(Bloomberg) -- Qatar Airways says surface flaws on Airbus SE’s A350 jets causes a risk of the fuel tanks igniting, in the latest twist in an acrimonious legal dispute which will be fully aired in a London court next month. 

In documents made public Tuesday, Qatar Airways said paint layers on large parts of affected A350s have been so badly damaged that wind and pollutants, such as salt or hydraulic fluids, can penetrate through the skin and damage the lightning protection of the aircraft. That raises particular concern on the wings, where fuel tanks are stored.

The accusation is the latest in a dispute which kicked off when Qatar Airways sued Airbus late last year over surface quality issues with A350 jets. Airbus acknowledges the problem but disputes Qatar Airway’s claim that it’s a safety concern.

Both sides have made compensation claims and Airbus has canceled two A350s for delivery and a separate contract for its bestselling A321s, both of which are now caught up in separate legal proceedings. The airline has grounded 22 A350s to date.

Qatar Airways said in the document that the European Union Aviation Safety Agency recorded in a April 15, 2021 safety assessment that the lightning threat would pose a danger if it were co-incident with fuel tanks. Qatar Airways claims since damage can be seen on the wings that means it is co-incident with the fuel tanks.

An Airbus spokesman said the company “rejects Qatar Airways’ ongoing and public mischaracterization of the nature of these issues and of their impact on the A350 aircraft’s continuous airworthiness.” Airbus has worked with EASA since the beginning and continues to do so, he said.

EASA didn’t respond to a request for comment made after regular business hours.

‘Defective’ Design

Qatar Airways’ Chief Technical Officer Ali Al Hilli said the current design and manufacture of the A350 “is defective” and that he has inspected all of the airline’s grounded A350s. The damage seen includes spider cracks, severe cracking on and around window frames, exposure of the lightning protection and of the underlying composite surface and damage to the lightning protection layer. The airline provided pictures in the statement purporting to show the damage.

In another witness statement, Qatar took on Airbus’s scrapping of the separate A321 order. The airline had sued over the cancellation and a judge is to rule on that dispute next week. Airbus had claimed the airline had grounded the A350s for commercial reasons because its business was hit by the coronavirus epidemic. 

But Qatar Airways said in the documents released Tuesday that it’s “entirely incorrect” to suggest it’s operating under capacity, saying that capacity is now above pre-pandemic rates. 

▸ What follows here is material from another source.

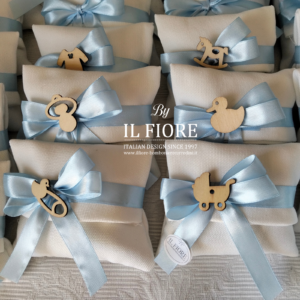 Bomboniere Battesimo portaconfetti con calamite in legno baby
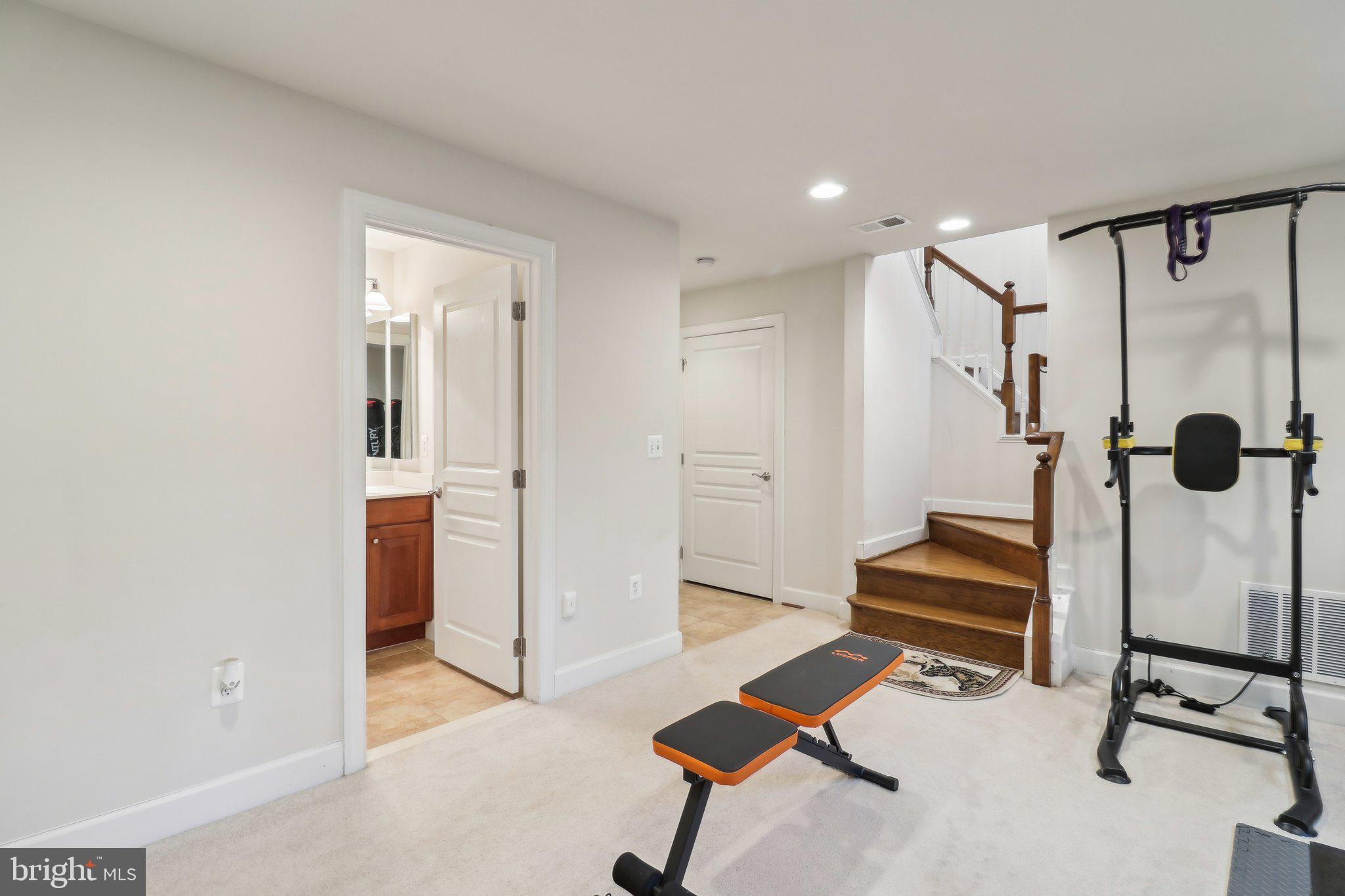 SHIRLINGTON CREST - Residential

The airline said none of the other aircraft available to it -- including Boeing Co.’s 737 Max, 787 and 777 models -- are a true comparison to the A321neo. It hoped to use the economical, long-range aircraft to serve smaller markets such as Toulouse, Lyon, Bergen or Bilbao and has now put those plans on hold. 

Demand Squeeze

Qatar Airways also argued that Airbus is struggling to meet demand for the popular A321 aircraft after the manufacturer said in its own statements that even if the A321 contract were reinstated, it would be delayed by several months.  

“If Airbus is unable to comply with its contractual obligations to deliver the A321 Neos in accordance with the delivery schedule, the responsibility for any delays lies with Airbus alone,” Krunoslav Krajacevic, a senior manager of production oversight and aircraft deliveries for Qatar, said in his witness statement. “I believe these delays may in fact be brought about by Airbus’s general inability to meet demand.”

Due to the grounding of the A350s, Qatar Airways said it has been forced to turn to alternatives, including wet leases -- a temporary arrangement where a lessor provides an aircraft along with crew, maintenance and insurance -- and bringing A380s back into service. These arrangements are costly and are leading to variation in the airline’s level of service which have caused complaints, the airline said.

Even with the legal battle continuing, the airline sought to refute Airbus’s claims that the relationship between the two companies has grown tense.

“Qatar Airways and Airbus have worked together for more than 20 years,” Krajacevic said. “I am confident that the relationship will remain strong and continue despite these proceedings.”